* **WHAT YOU SHOULD DO**
Please write out the lines of the data exactly, beginning with the first and ending with the line containing "Women Warm Mittens"; leave the pictures behind.

* **RECORDS SUPPLIED**

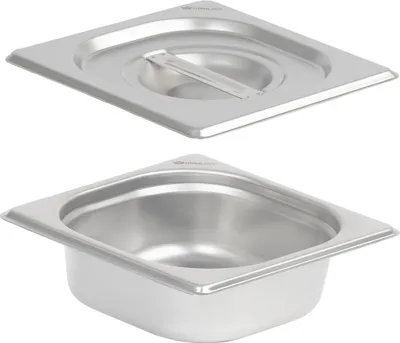 Produktbild von Mahlzeit GN Behälter 1/6 mit Deckel, Höhe 65 mm, Edelstahl Wärmebehälter, Geeignet für Chafing Dish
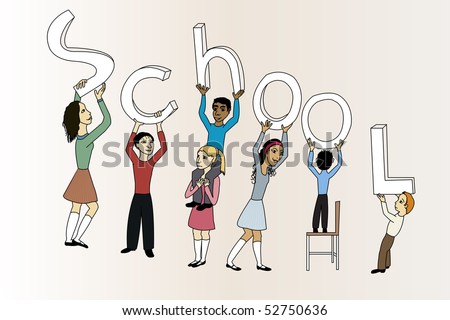 school children holding up letters saying the word school.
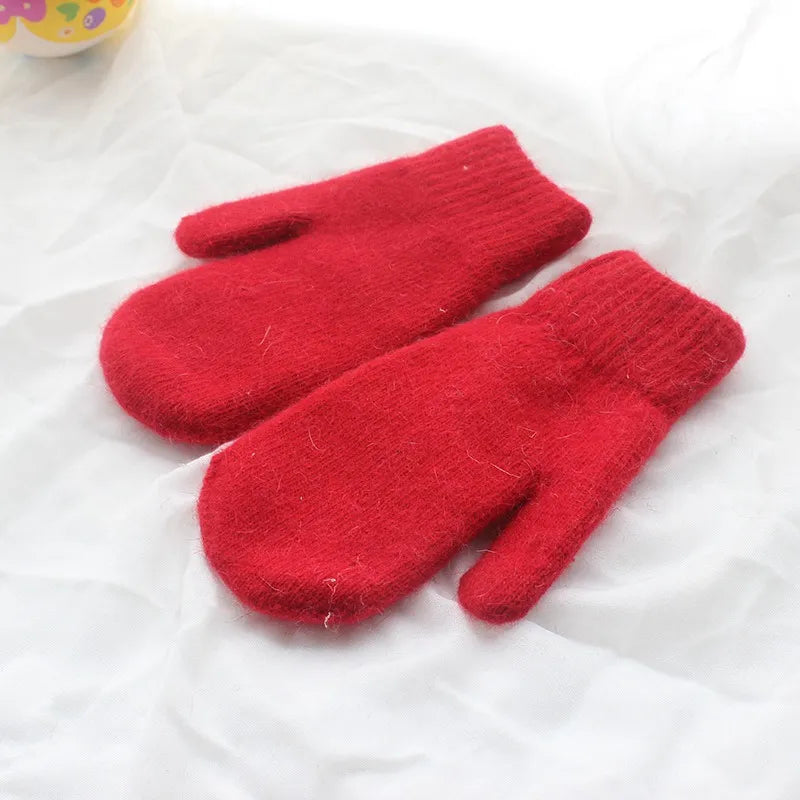 Women Warm Mittens - Ribbed Cuff Plush Faux Fur, Winter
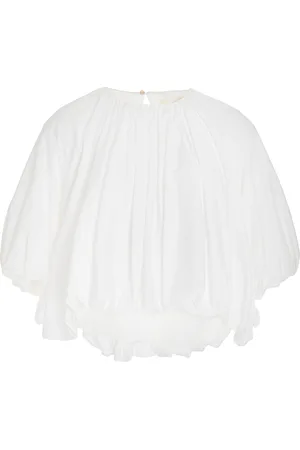 Khaite Alma Gathered Cotton Top, , US 2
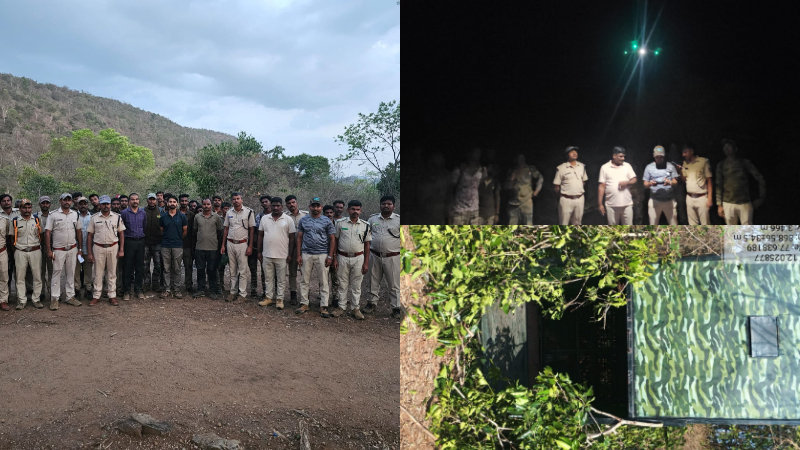 forest department personnel launch operation to capture leopard in male mahadeshwara hills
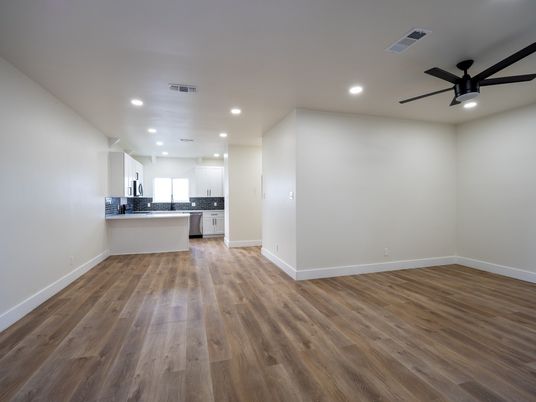Empty room, Interior, Kitchen, Recessed Lighting, Wood Texture Flooring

* **EXERCISE RESULT**
 Produktbild von Mahlzeit GN Behälter 1/6 mit Deckel, Höhe 65 mm, Edelstahl Wärmebehälter, Geeignet für Chafing Dish
 school children holding up letters saying the word school.
 Women Warm Mittens - Ribbed Cuff Plush Faux Fur, Winter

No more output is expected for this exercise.